Perceval parte alla scoperta del mondo e lascia sua madre che lo supplica di restare ma niente, il destino di cavaliere della tavola rotonda sembra chiamarlo. La madre che nel racconto muore di crepacuore è la parte carnale di Perceval, il suo ego, egli è separato e inconscio da ogni dimensione trascendentale.

Quando sale in cima con fatica non vede né torre (discernimento)né castello (conoscenza), è una cecità
interiore. Non capisce più di quello che si offre ai suoi occhi. Il nostro eroe viene accolto in una sala quadrata, simbolo della realtà fisica del mondo, la base per costruire.

È il mondo come ce lo raffiguriamo ma che bisogna osservare con occhi agguerriti.

I due re ammalati sono le vite trascorse, il cammino dell’anima che zoppica, fatte d’esperienze ancora
incomplete. Il re- pescatore che non può più cacciare è la saggezza amputata perché nel simbolismo il
cacciatore è un pellegrino alla ricerca dell’ultima Verità.

L’anima è sprofondata nell’oblio di una vita ultra-terrena, eppure niente è perduto, tanti indizi
sopraggiungono in aiuto. A cominciare con il re pescatore, i pesci nel mondo celtico, sono una ricchezza,
intendiamo un nutrimento spirituale a disposizione. Tutti gli uomini sono equipaggiati per percepire i
segnali dell’invisibile e attivare il loro intuito.

La visione alla quale assiste Perceval gli svela la strada da seguire. La spada a lui offerta, è il simbolo della verità.

Bisogna trasformarsi, cambiare. La presenza dei colori indica il passaggio della materialità alla
spiritualità.
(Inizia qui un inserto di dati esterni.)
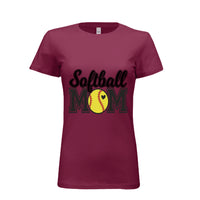 Softball Mom T-Shirt with Heart Ball – Game Day Spirit Style MAROON - 6004 - FRONT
Passare dal nero (decorazioni dei candelabri) che nella tradizione alchimista significa la
dissoluzione della materia, il bianco (il graal che risplende) per fare entrare la luce divina ovvero la
consapevolezza dell’esistenza di un mondo superiore e infine il rosso, colore che segna l’integrazione totale del nero e del bianco, l’amore assoluto, dono di sé. Il dono di sé non è da intendere come sacrificio ma come elevazione.

Amare senza sentire la necessità di ricambio, l’amore spirituale non è sentimentale né relazionale, in altri termini è la capacità di vedere il bello nel manifestato.

Cinque anni passano a vagare in cerca del castello (la conoscenza) invano. Il numero cinque corrisponde
all’elemento etere, ci propulsa verso la ricerca e serve come ponte verso altri mondi.

Ah povera anima che fatica! La dama orrenda è la sua sofferenza, i suoi rimpianti.

Tutte le cose che facciamo o non facciamo che ci perseguitano nella vita, tuttavia solo così possiamo crescere ed elevarci, ristabilendo gli equilibri per proseguire.

Il cuore dei racconti è lontano dalle interpretazioni psicologiche e del loro uso in psicoterapia o psicanalisi. La vita dell’anima rileva della metafisica e della mistica, si guardano bene di sondare la psiche che concerne unicamente il mondo terrestre.

I racconti sono dei messaggeri, dei mediatori instancabili, restaurano i fili che legano la Terra al Cielo.